% Generated by roxygen2: do not edit by hand
% Please edit documentation in R/createriskset.R
\name{create_riskset}
\alias{create_riskset}
\title{Process and Create Risk Sets for a One- and Two-Mode Relational Event Sequences}
\usage{
create_riskset(
  type = c("two-mode", "one-mode"),
  time,
  eventID,
  sender,
  receiver,
  p_samplingobserved = 1,
  n_controls,
  combine = TRUE,
  seed = 9999
)
}
\arguments{
\item{type}{"two-mode" indicates that this is a two-mode event sequence. "one-mode" indicates that the event sequence is one-mode.}

\item{time}{The vector of event time values from the observed event sequence.}

\item{eventID}{The vector of event IDs from the observed event sequence (typically a numerical event sequence that goes from 1 to \emph{n}).}

\item{sender}{The vector of event senders from the observed event sequence.}

\item{receiver}{The vector of event receivers from the observed event sequence.}

\item{p_samplingobserved}{The numerical value for the probability of selection for sampling from the observed event sequence. Set to 1 by default indicating that all observed events from the event sequence will be included in the post-processing event sequence.}

\item{n_controls}{The numerical value for the number of null event controls for each (sampled) observed event.}

\item{combine}{TRUE/FALSE. TRUE indicates that the post-sampling (processing) event sequence should be merged with the pre-processing dataset.

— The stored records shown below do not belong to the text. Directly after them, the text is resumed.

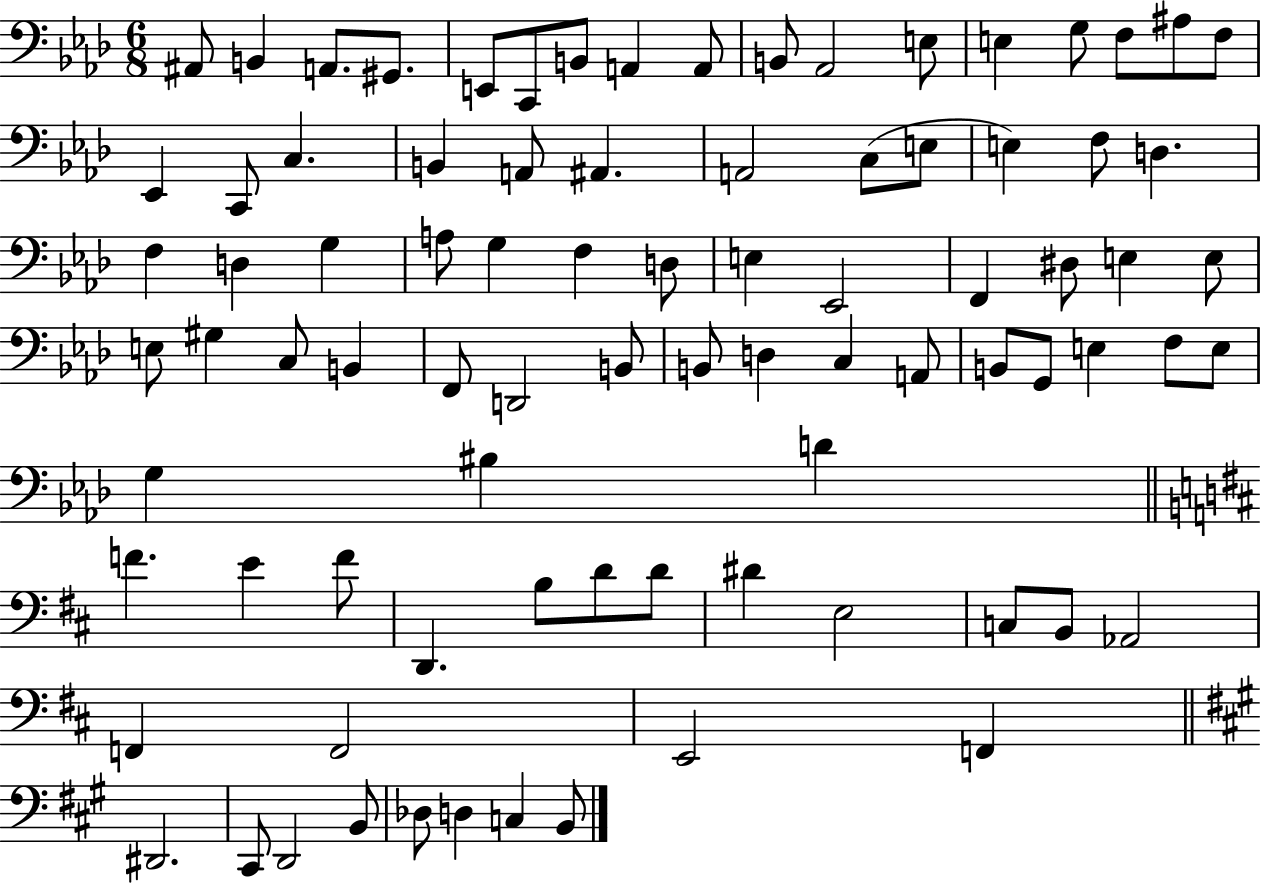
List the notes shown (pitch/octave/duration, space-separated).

A#2/e B2/q A2/e. G#2/e. E2/e C2/e B2/e A2/q A2/e B2/e Ab2/h E3/e E3/q G3/e F3/e A#3/e F3/e Eb2/q C2/e C3/q. B2/q A2/e A#2/q. A2/h C3/e E3/e E3/q F3/e D3/q. F3/q D3/q G3/q A3/e G3/q F3/q D3/e E3/q Eb2/h F2/q D#3/e E3/q E3/e E3/e G#3/q C3/e B2/q F2/e D2/h B2/e B2/e D3/q C3/q A2/e B2/e G2/e E3/q F3/e E3/e G3/q BIS3/q D4/q F4/q. E4/q F4/e D2/q. B3/e D4/e D4/e D#4/q E3/h C3/e B2/e Ab2/h F2/q F2/h E2/h F2/q D#2/h. C#2/e D2/h B2/e Db3/e D3/q C3/q B2/e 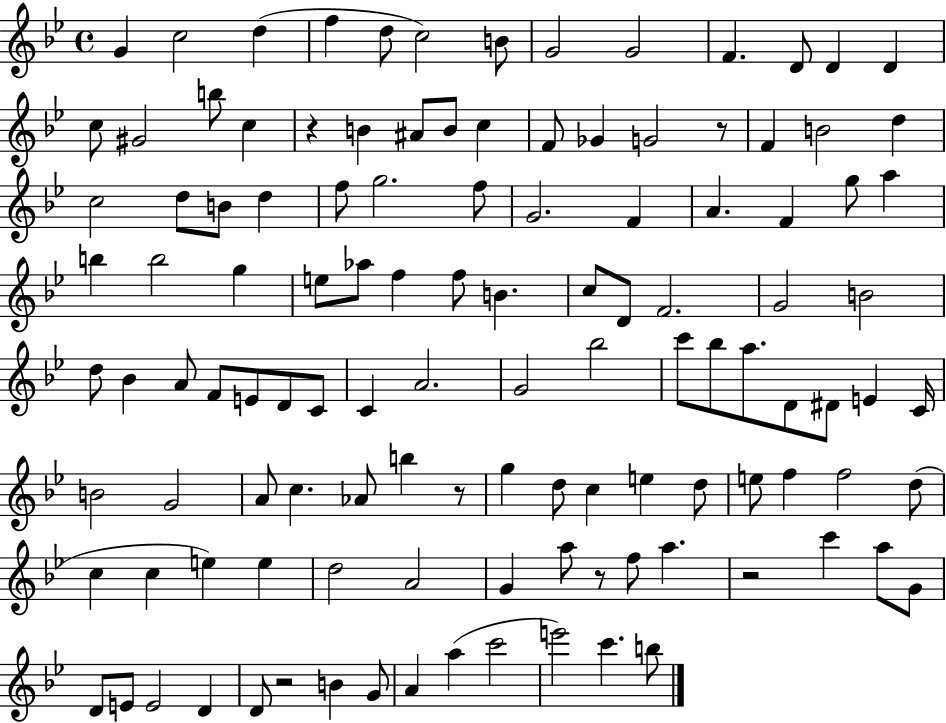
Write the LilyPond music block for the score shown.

{
  \clef treble
  \time 4/4
  \defaultTimeSignature
  \key bes \major
  \repeat volta 2 { g'4 c''2 d''4( | f''4 d''8 c''2) b'8 | g'2 g'2 | f'4. d'8 d'4 d'4 | \break c''8 gis'2 b''8 c''4 | r4 b'4 ais'8 b'8 c''4 | f'8 ges'4 g'2 r8 | f'4 b'2 d''4 | \break c''2 d''8 b'8 d''4 | f''8 g''2. f''8 | g'2. f'4 | a'4. f'4 g''8 a''4 | \break b''4 b''2 g''4 | e''8 aes''8 f''4 f''8 b'4. | c''8 d'8 f'2. | g'2 b'2 | \break d''8 bes'4 a'8 f'8 e'8 d'8 c'8 | c'4 a'2. | g'2 bes''2 | c'''8 bes''8 a''8. d'8 dis'8 e'4 c'16 | \break b'2 g'2 | a'8 c''4. aes'8 b''4 r8 | g''4 d''8 c''4 e''4 d''8 | e''8 f''4 f''2 d''8( | \break c''4 c''4 e''4) e''4 | d''2 a'2 | g'4 a''8 r8 f''8 a''4. | r2 c'''4 a''8 g'8 | \break d'8 e'8 e'2 d'4 | d'8 r2 b'4 g'8 | a'4 a''4( c'''2 | e'''2) c'''4. b''8 | \break } \bar "|."
} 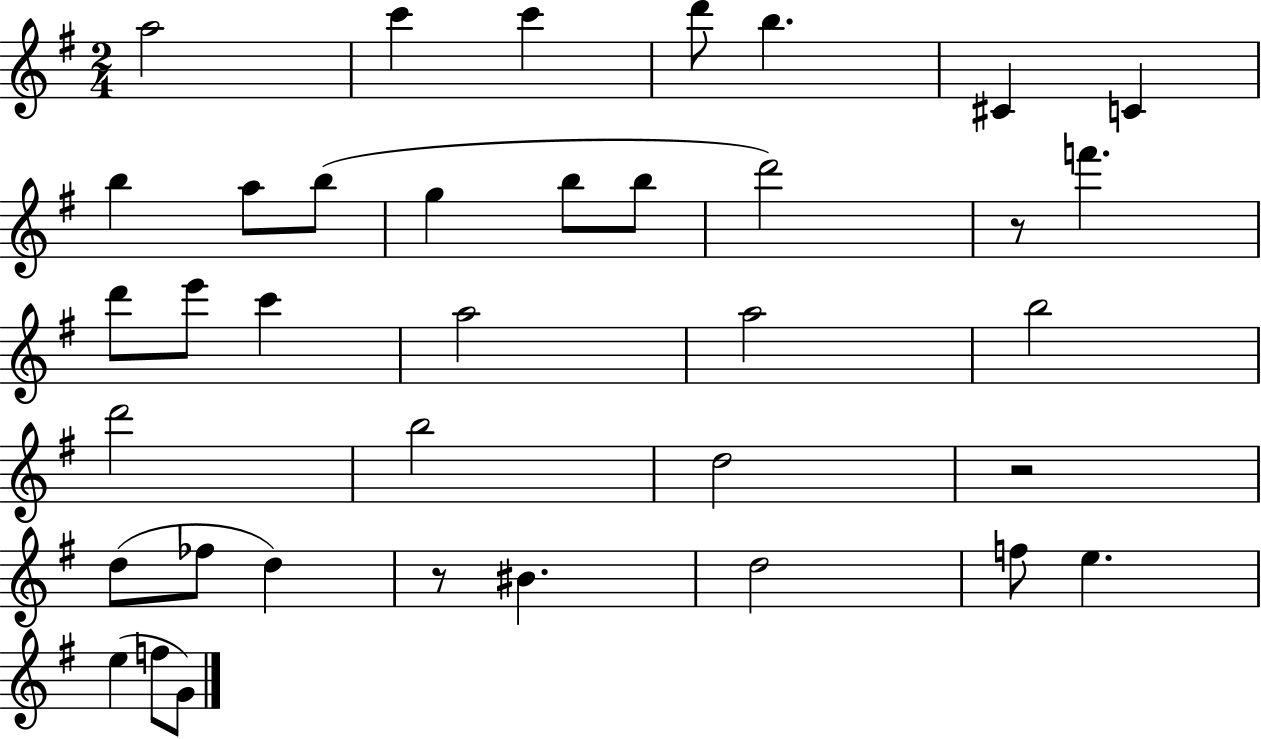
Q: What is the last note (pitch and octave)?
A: G4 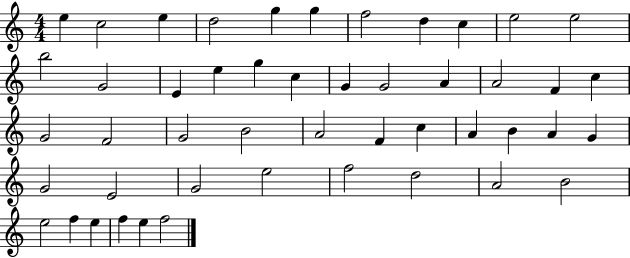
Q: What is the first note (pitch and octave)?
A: E5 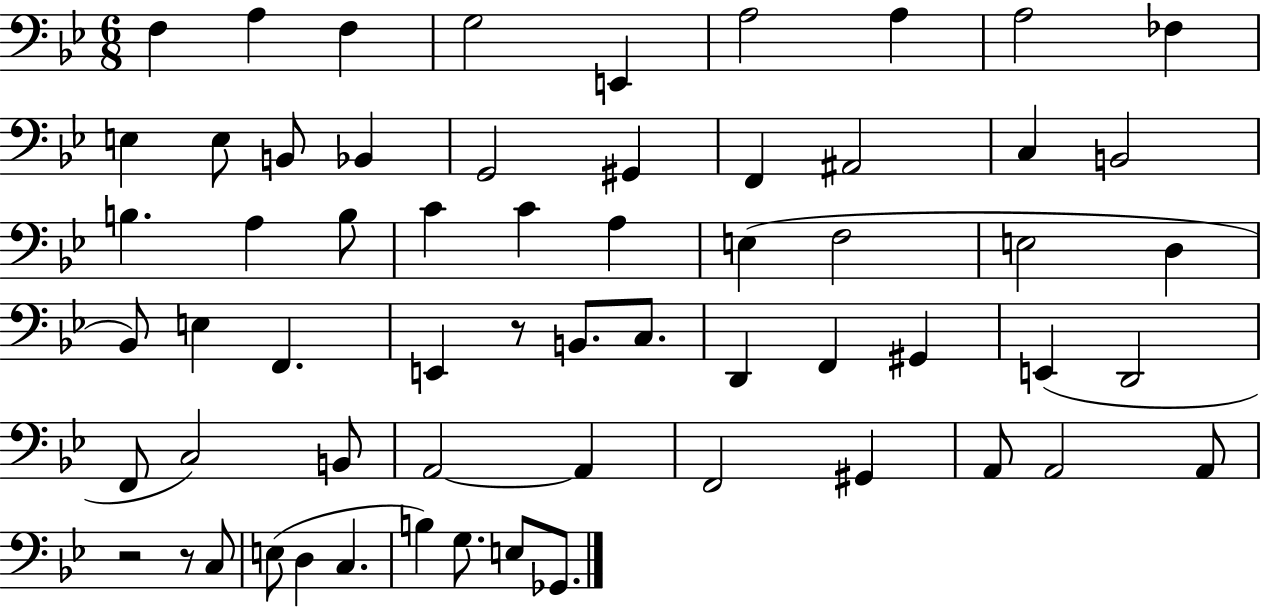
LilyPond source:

{
  \clef bass
  \numericTimeSignature
  \time 6/8
  \key bes \major
  \repeat volta 2 { f4 a4 f4 | g2 e,4 | a2 a4 | a2 fes4 | \break e4 e8 b,8 bes,4 | g,2 gis,4 | f,4 ais,2 | c4 b,2 | \break b4. a4 b8 | c'4 c'4 a4 | e4( f2 | e2 d4 | \break bes,8) e4 f,4. | e,4 r8 b,8. c8. | d,4 f,4 gis,4 | e,4( d,2 | \break f,8 c2) b,8 | a,2~~ a,4 | f,2 gis,4 | a,8 a,2 a,8 | \break r2 r8 c8 | e8( d4 c4. | b4) g8. e8 ges,8. | } \bar "|."
} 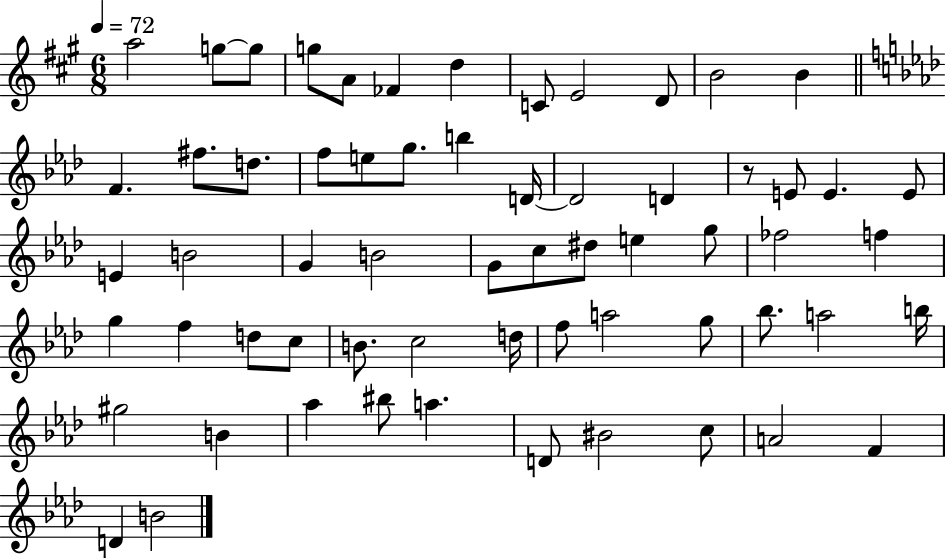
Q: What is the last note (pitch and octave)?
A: B4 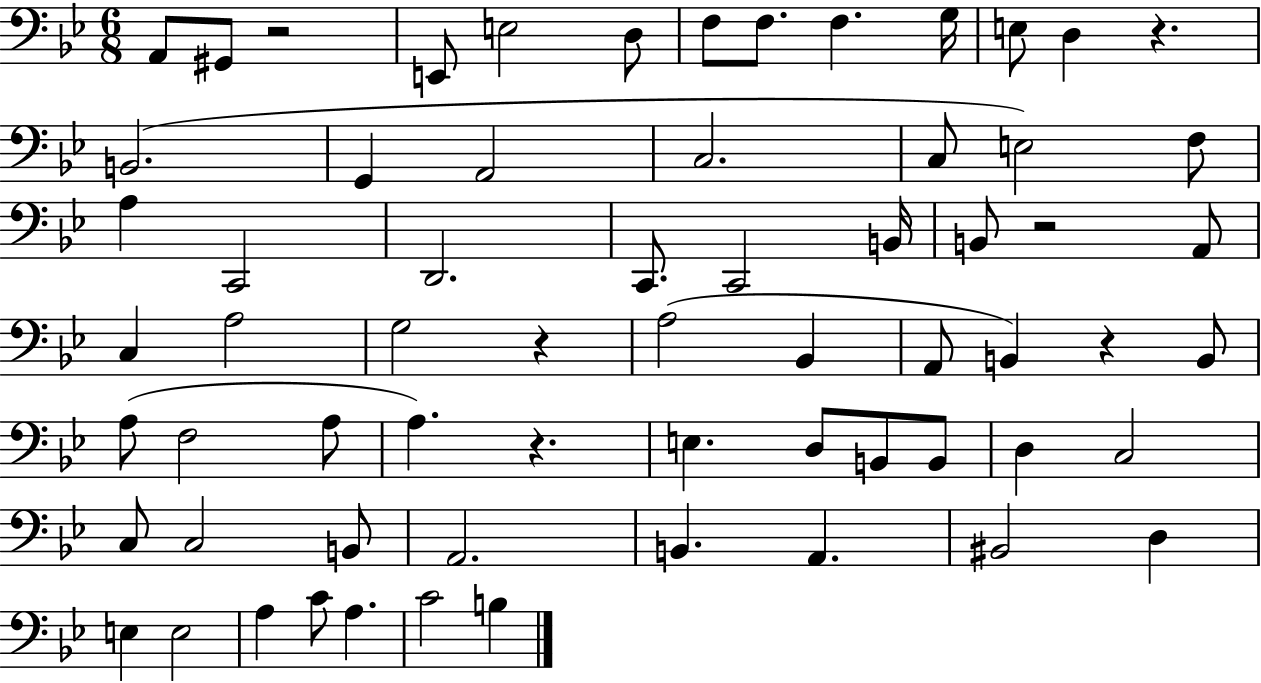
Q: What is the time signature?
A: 6/8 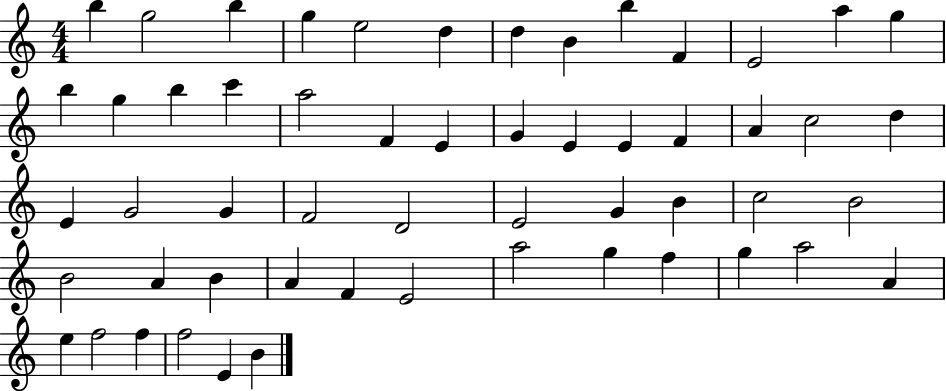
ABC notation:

X:1
T:Untitled
M:4/4
L:1/4
K:C
b g2 b g e2 d d B b F E2 a g b g b c' a2 F E G E E F A c2 d E G2 G F2 D2 E2 G B c2 B2 B2 A B A F E2 a2 g f g a2 A e f2 f f2 E B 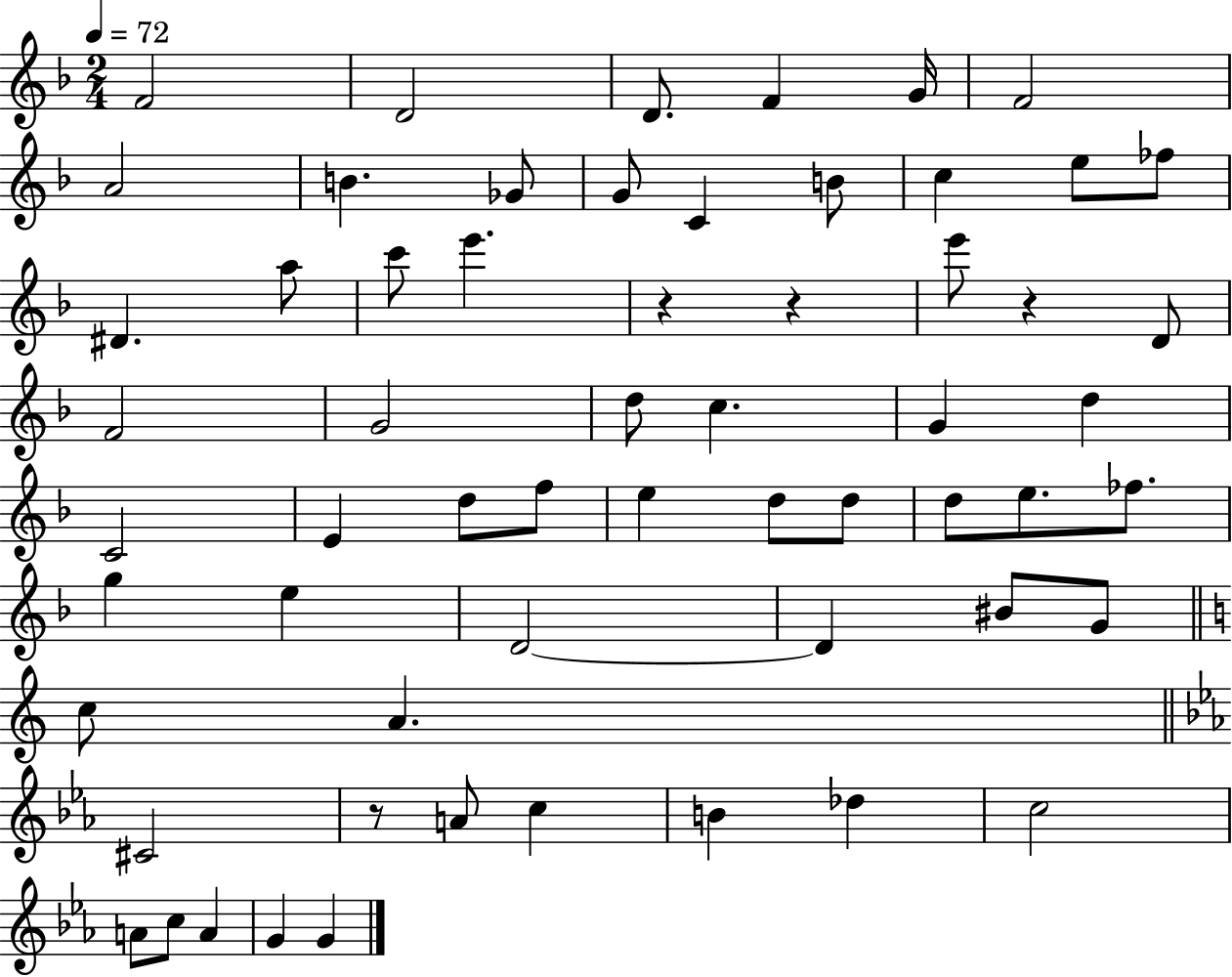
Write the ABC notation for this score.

X:1
T:Untitled
M:2/4
L:1/4
K:F
F2 D2 D/2 F G/4 F2 A2 B _G/2 G/2 C B/2 c e/2 _f/2 ^D a/2 c'/2 e' z z e'/2 z D/2 F2 G2 d/2 c G d C2 E d/2 f/2 e d/2 d/2 d/2 e/2 _f/2 g e D2 D ^B/2 G/2 c/2 A ^C2 z/2 A/2 c B _d c2 A/2 c/2 A G G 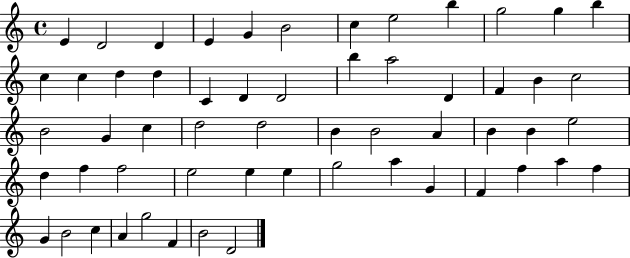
X:1
T:Untitled
M:4/4
L:1/4
K:C
E D2 D E G B2 c e2 b g2 g b c c d d C D D2 b a2 D F B c2 B2 G c d2 d2 B B2 A B B e2 d f f2 e2 e e g2 a G F f a f G B2 c A g2 F B2 D2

FALSE only returns the post-processing event sequence (that is, only the sampled events).}

\item{seed}{The random number seed for user replication.}
}
\value{
A post-processing data.table object with the following columns:
\itemize{
\item \code{time} - The event time for the sampled and observed events.
\item \code{eventID} - The numerical event sequence ID for the sampled and observed events.
\item \code{sender} - The event senders of the sampled and observed events.
\item \code{receiver} - The event targets (receivers) of the sampled and observed events.
\item \code{observed} - Boolean indicating if the event is an observed or control event. (1 = observed; 0 = control)
\item \code{sampled} - Boolean indicating if the event is sampled or not sampled. (1 = sampled; 0 = not sampled)
}
}
\description{
\ifelse{html}{\href{https://lifecycle.r-lib.org/articles/stages.html#stable}{\figure{lifecycle-stable.svg}{options: alt='[Stable]'}}}{\strong{[Stable]}}

This function creates one- and two-mode post-sampling eventset with options for case-control
sampling (Vu et al. 2015) and sampling from the observed event sequence (Lerner and Lomi 2020). Case-control
sampling samples an arbitrary \emph{m} number of controls from the risk set for any event
(Vu et al. 2015). Lerner and Lomi (2020) proposed sampling from the observed event sequence
where observed events are sampled with probability \emph{p}. Importantly, this function generates risk sets
that assume that the risk set for each event is fixed across all time points, that is, all actors active
at any time point across the event sequence are in the set of potential events. Users interested in
generating time-/event-varying risks sets should consult the \code{\link[dream]{processOMEventSeq}} function
for one-mode event sequences and the \code{\link[dream]{processTMEventSeq}} function for two-mode event
sequences. Future versions of the \code{dream} package will incorporate this option into this function in a
principled manner.
}
\details{
This function processes observed events from the set \eqn{E}, where each event \eqn{e_i} is
defined as:
\deqn{e_{i} \in E = (s_i, r_i, t_i, G[E;t])}
where:
\itemize{
\item \eqn{s_i} is the sender of the event.
\item \eqn{r_i} is the receiver of the event.
\item \eqn{t_i} represents the time of the event.
\item \eqn{G[E;t] = \{e_1, e_2, \ldots, e_{t'} \mid t' < t\}} is the network of past events, that is, all events that occurred prior to the current event, \eqn{e_i}.
}

Following Butts (2008) and Butts and Marcum (2017), for one-mode event sequences, the risk (support)
set is defined as all possible  events at time \eqn{t}, \eqn{A_t}, as the full Cartesian
product of prior senders and receivers in the set \eqn{G[E;t]} that could have
occurred at time \eqn{t}. Formally:
\deqn{A_t = \{ (s, r) \mid s \in S \times r \in R\}}
where \eqn{S} is the set of potential event senders and \eqn{R} is the set of potential event receivers. In this function,
the full risk set is considered fixed across all time points.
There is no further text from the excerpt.